_Work order_:
Print again, word for word, all of the records below, and leave the pictures out.

_Material for this exercise_:
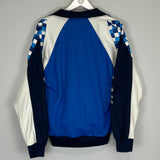 1990 ITALY TRACK JACKET (L) DIADORA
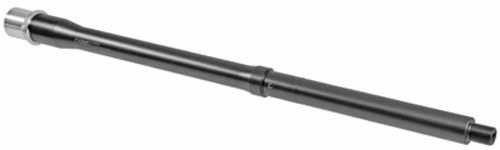 CMC Triggers AR Barrels 223 Wylde 16.25" AR-15 4150 Chrome Moly Vanadium Steel Black Nitride Midlength B
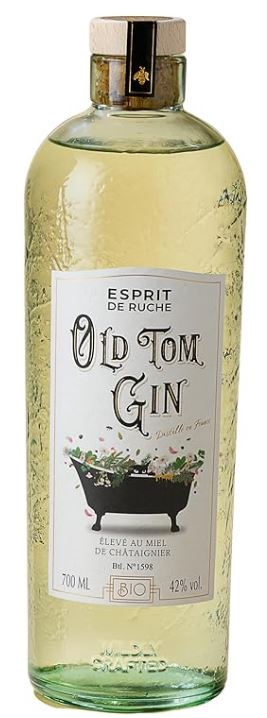 Old Tom Gin 70cl 42° (NR) x6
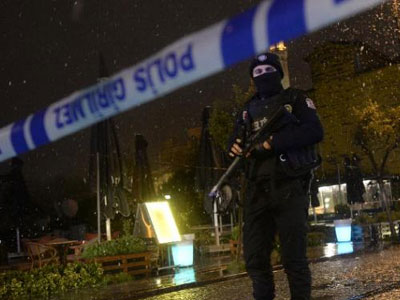 Τουρκία: Έκρηξη βόμβας στην Κωνσταντινούπολη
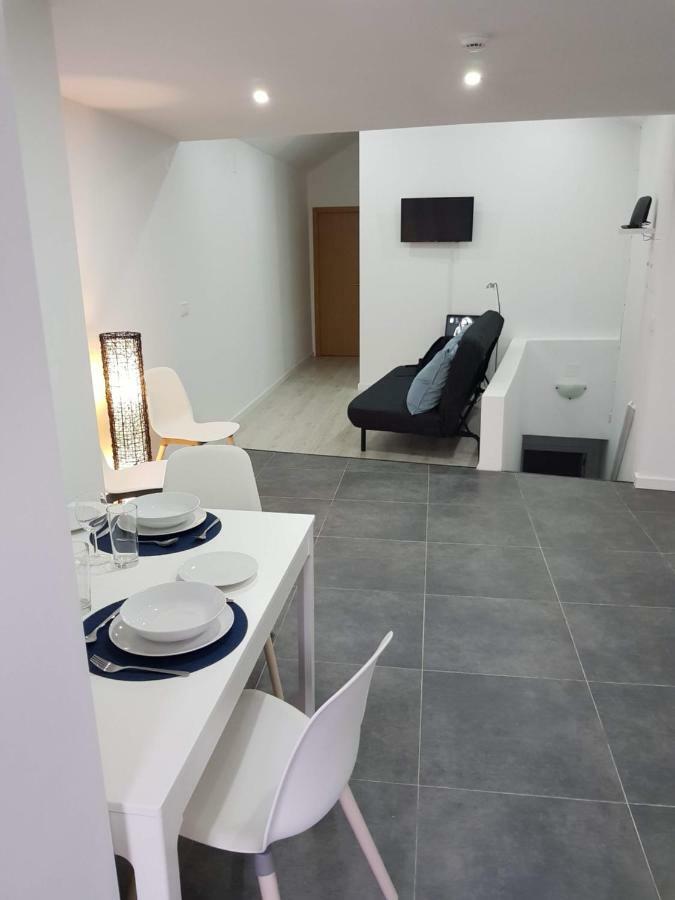 5 Rua Antao Girao Apartment Сетубал Екстериор снимка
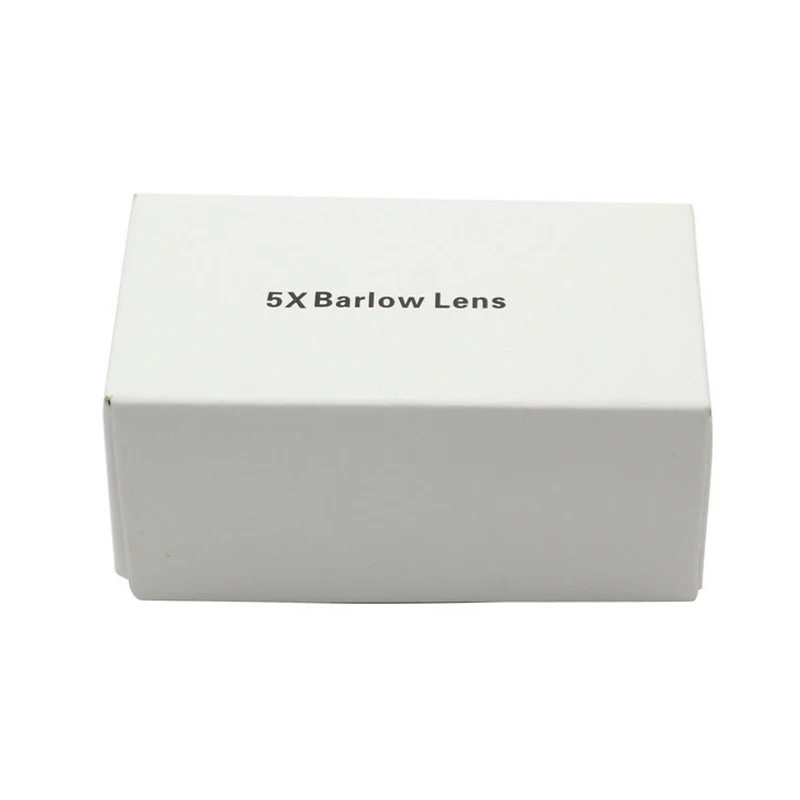5X barlow lens 1.25inch7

_Result of the task_:
 1990 ITALY TRACK JACKET (L) DIADORA
 CMC Triggers AR Barrels 223 Wylde 16.25" AR-15 4150 Chrome Moly Vanadium Steel Black Nitride Midlength B
 Old Tom Gin 70cl 42° (NR) x6
 Τουρκία: Έκρηξη βόμβας στην Κωνσταντινούπολη
 5 Rua Antao Girao Apartment Сетубал Екстериор снимка
5X barlow lens 1.25inch7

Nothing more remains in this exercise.